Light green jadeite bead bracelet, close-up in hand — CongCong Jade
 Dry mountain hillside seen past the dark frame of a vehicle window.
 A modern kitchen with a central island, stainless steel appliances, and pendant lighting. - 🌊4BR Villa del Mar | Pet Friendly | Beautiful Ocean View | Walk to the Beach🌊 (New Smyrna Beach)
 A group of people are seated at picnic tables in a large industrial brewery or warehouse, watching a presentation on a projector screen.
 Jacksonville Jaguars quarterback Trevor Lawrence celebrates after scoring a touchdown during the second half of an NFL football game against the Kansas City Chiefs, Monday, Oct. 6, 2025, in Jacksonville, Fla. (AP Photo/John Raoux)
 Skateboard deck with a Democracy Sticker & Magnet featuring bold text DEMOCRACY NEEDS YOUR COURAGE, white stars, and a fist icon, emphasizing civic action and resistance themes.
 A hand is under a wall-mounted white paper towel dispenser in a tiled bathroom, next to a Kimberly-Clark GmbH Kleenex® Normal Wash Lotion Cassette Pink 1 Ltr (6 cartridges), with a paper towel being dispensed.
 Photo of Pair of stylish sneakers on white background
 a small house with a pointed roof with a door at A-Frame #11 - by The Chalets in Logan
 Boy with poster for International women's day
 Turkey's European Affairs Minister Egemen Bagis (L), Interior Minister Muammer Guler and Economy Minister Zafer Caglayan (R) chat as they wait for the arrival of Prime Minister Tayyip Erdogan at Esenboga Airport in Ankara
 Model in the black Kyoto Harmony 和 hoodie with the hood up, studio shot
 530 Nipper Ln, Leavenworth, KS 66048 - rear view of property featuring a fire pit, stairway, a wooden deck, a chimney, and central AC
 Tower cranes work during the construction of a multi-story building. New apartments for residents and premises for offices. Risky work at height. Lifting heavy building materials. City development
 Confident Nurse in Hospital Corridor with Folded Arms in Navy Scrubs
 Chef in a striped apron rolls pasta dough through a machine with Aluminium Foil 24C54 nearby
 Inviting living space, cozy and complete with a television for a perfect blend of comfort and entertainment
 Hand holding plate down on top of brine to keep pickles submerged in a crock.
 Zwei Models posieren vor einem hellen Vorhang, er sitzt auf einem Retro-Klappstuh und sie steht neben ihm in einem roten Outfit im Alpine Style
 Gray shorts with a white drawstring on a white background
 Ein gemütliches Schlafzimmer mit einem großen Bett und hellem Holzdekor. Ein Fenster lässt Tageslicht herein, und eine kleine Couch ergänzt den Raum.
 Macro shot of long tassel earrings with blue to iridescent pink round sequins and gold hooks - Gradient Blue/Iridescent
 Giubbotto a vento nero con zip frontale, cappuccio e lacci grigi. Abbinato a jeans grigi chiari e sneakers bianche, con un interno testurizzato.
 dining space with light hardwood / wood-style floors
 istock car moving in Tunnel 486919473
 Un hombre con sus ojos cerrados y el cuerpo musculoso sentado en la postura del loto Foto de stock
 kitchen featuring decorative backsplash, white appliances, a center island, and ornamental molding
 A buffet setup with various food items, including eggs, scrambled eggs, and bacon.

• EXERCISE PROMPT:
Write down, word for word, the lines above from the one containing "530 Nipper Ln, Leavenworth, KS" through the one containing "Tower cranes work", both ends included.

• SOLUTION FOR THIS TASK:
 530 Nipper Ln, Leavenworth, KS 66048 - rear view of property featuring a fire pit, stairway, a wooden deck, a chimney, and central AC
 Tower cranes work during the construction of a multi-story building. New apartments for residents and premises for offices. Risky work at height. Lifting heavy building materials. City development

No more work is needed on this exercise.